Примерно тогда же я вживался в роль врача без квалификационной категории. Я знакомился с десятками случаев и в больнице, и во время обследований заключенных в тюрьмах, и еще несколько раз давал показания в уголовном суде. Замечать закономерности в совокупности симптомов и выявлять значимые факторы риска получалось у меня уже инстинктивно. Когда я посылал на проверку руководителю черновики судебных отчетов, в них потом оказывалось все меньше и меньше пометок красными чернилами. Снова и снова я сталкивался с одной и той же головоломкой – с задачей определить, «злодей» или «безумец» тот или иной пациент. Это грубое упрощение неизбежного основного понятия судебной психиатрии. Но справедливо ли такое разделение? И важно ли это? Вроде бы да – и да.

Когда общество узнает о злодейском преступлении, оно жаждет крови. Мать, убившая собственных детей. Подросток, зарезавший случайного прохожего. Реджи, напавший на попутчика в автобусе и пытавшийся изнасиловать сводную сестру. Если у преступника психическая болезнь, разделение на злодеев и безумцев определяет, в какой степени его можно обвинить. Оправдано ли наше презрение? Какую долю ответственности мы должны возложить на сомнительного типа из газеты, а какую на психическую болезнь?

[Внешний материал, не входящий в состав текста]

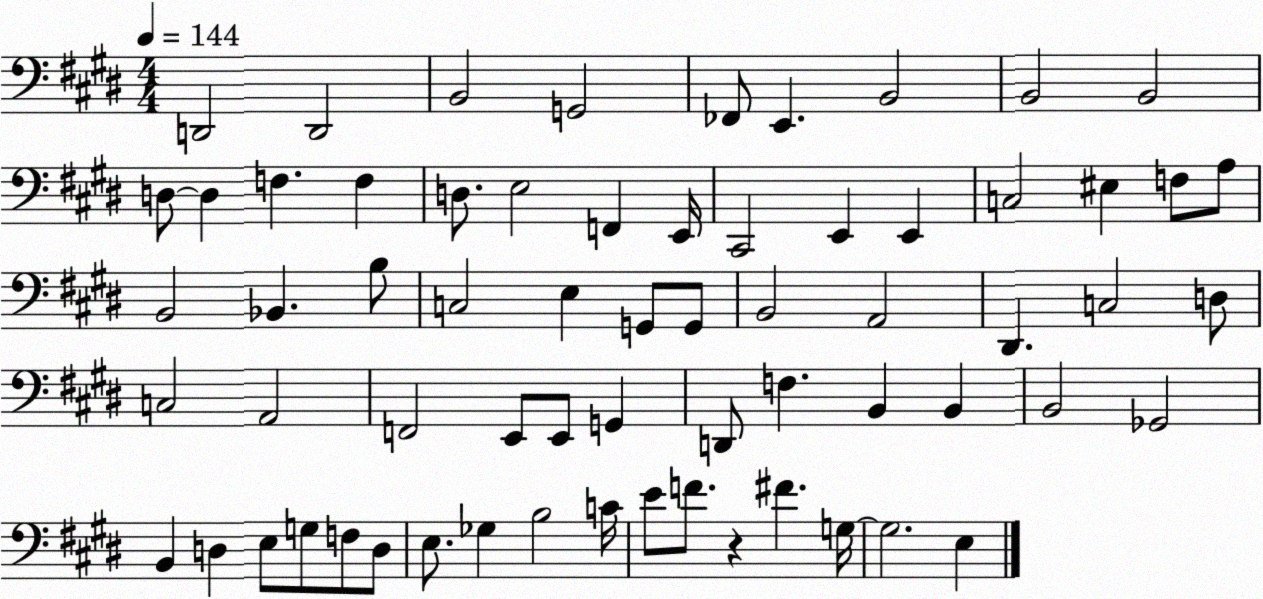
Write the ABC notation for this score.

X:1
T:Untitled
M:4/4
L:1/4
K:E
D,,2 D,,2 B,,2 G,,2 _F,,/2 E,, B,,2 B,,2 B,,2 D,/2 D, F, F, D,/2 E,2 F,, E,,/4 ^C,,2 E,, E,, C,2 ^E, F,/2 A,/2 B,,2 _B,, B,/2 C,2 E, G,,/2 G,,/2 B,,2 A,,2 ^D,, C,2 D,/2 C,2 A,,2 F,,2 E,,/2 E,,/2 G,, D,,/2 F, B,, B,, B,,2 _G,,2 B,, D, E,/2 G,/2 F,/2 D,/2 E,/2 _G, B,2 C/4 E/2 F/2 z ^F G,/4 G,2 E,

Когда судья выслушивает дело в суде, эта граница кристаллизуется благодаря показаниям судебного психиатра. Именно они говорят уважаемому суду, виновен ли подсудимый, следует ли отправить его не в тюрьму, а в больницу. Даже если правонарушитель не отвечает всем критериям (то есть требованиям, позволяющим содержать его под стражей в соответствии с уголовными статьями закона об охране психического здоровья), любые свидетельства, что он был психически болен, когда совершал преступление, могут смягчить условия тюремного заключения и сократить его срок.

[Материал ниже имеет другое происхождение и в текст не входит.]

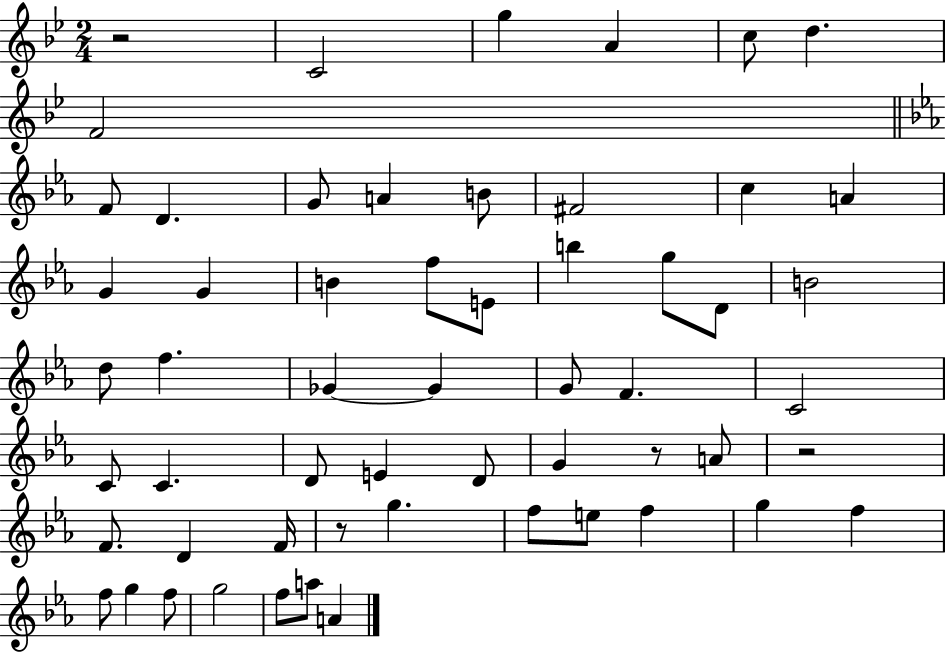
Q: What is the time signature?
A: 2/4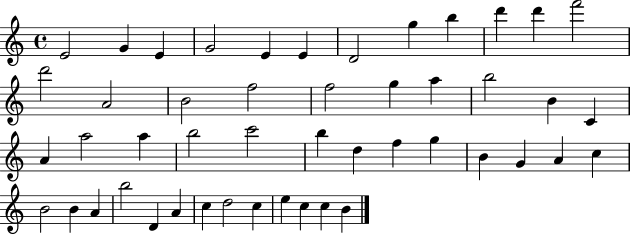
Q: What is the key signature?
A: C major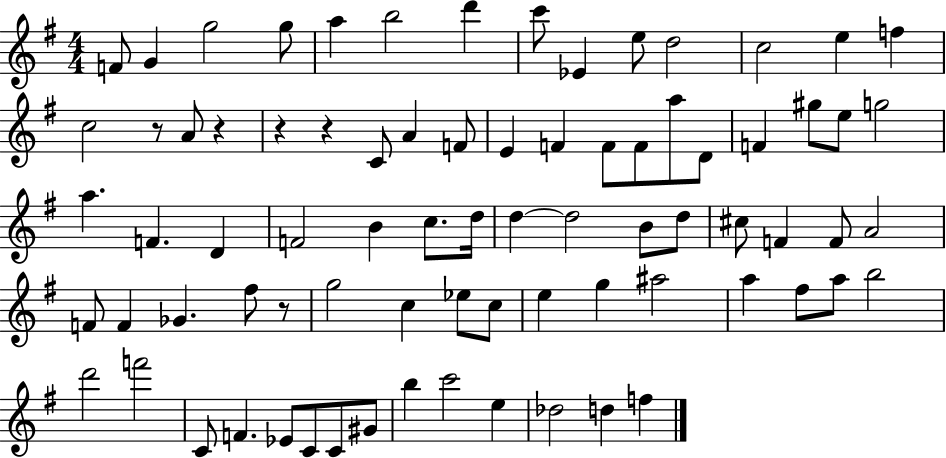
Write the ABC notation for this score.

Когда мы, судебные психиатры, стоим за кафедрой свидетелей, мы проводим эту грань, чтобы повлиять на решение суда. Когда мы, судебные психиатры, работаем в больнице, эта грань необходима, чтобы оценить риск и продумать реабилитацию человека, который теперь, строго говоря, уже не обвиняемый, а наш пациент, раз уж он вошел в двери нашей специализированной клиники – прочные, как на секретных предприятиях, вандалоустойчивые, с замками и засовами. Проще говоря, те, кто больше «злодеи», чем «безумцы», опаснее, и лечить их труднее. Чтобы избежать риска в будущем, требуется больше ресурсов, внимания и поддержки. Для нас дилемма «безумец или злодей» – решение не моральное, а сугубо клиническое, хотя в некоторых случаях границы размыты. Нужно очерстветь сердцем, чтобы не видеть, как возмутительны некоторые преступления. Кроме того, нужно быть готовыми работать с антисоциальными личностями в своем отделении. Некоторые наши пациенты бывают особенно… несносными, мягко выражаясь. «Безумец» означает, как правило, психоз. «Злодей» – как правило, расстройство личности. Антисоциальное расстройство личности – самое распространенное и самое значимое в среде преступников, хотя доступны и другие бренды.

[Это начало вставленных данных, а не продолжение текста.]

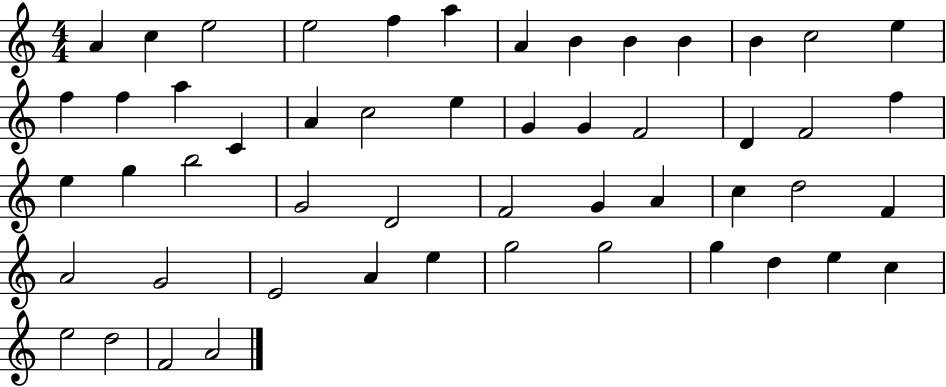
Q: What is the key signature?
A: C major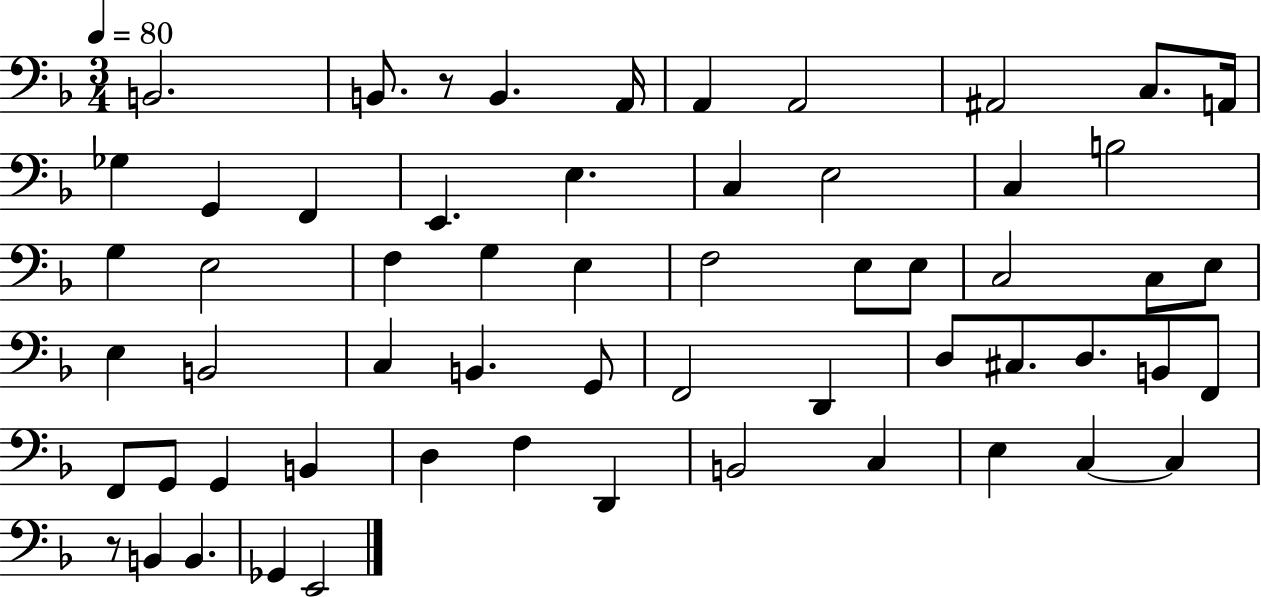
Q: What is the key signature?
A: F major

Личность – это характерные закономерности мышления, эмоций и поведения, которые составляют нашу суть и определяют отношение к себе и к окружающему миру. Это то, что делает нас нами. Ворчливая тетушка. Невероятно дружелюбный и излишне разговорчивый сосед с лицом, вызывающим необъяснимое желание врезать. Шестилетний сын, который клянется нормально поесть, но выплевывает первый же кусок, после того как вы битых два часа провозились в кухне над пирогом с курицей и грибами, постаравшись сделать его настолько пресным и безвкусным, чтобы ребенок мог это вытерпеть – и это только несколько примеров. А когда личность у человека нарушена, ему может быть трудно понять, что он думает и как относится к себе и к другим. Причем эти трудности стойкие и приводят к дальнейшим осложнениям – плохо влияют на самочувствие, психическое здоровье и отношения с окружающими. Главное различие между аномальными чертами личности и настоящим расстройством, укладывающимся в диагноз, – исключительно функционирование. Если вам трудно общаться с людьми – настолько, что это влияет на повседневную жизнь и мешает строить отношения (дружеские, семейные или романтические), – значит, вы перешагнули за этот порог.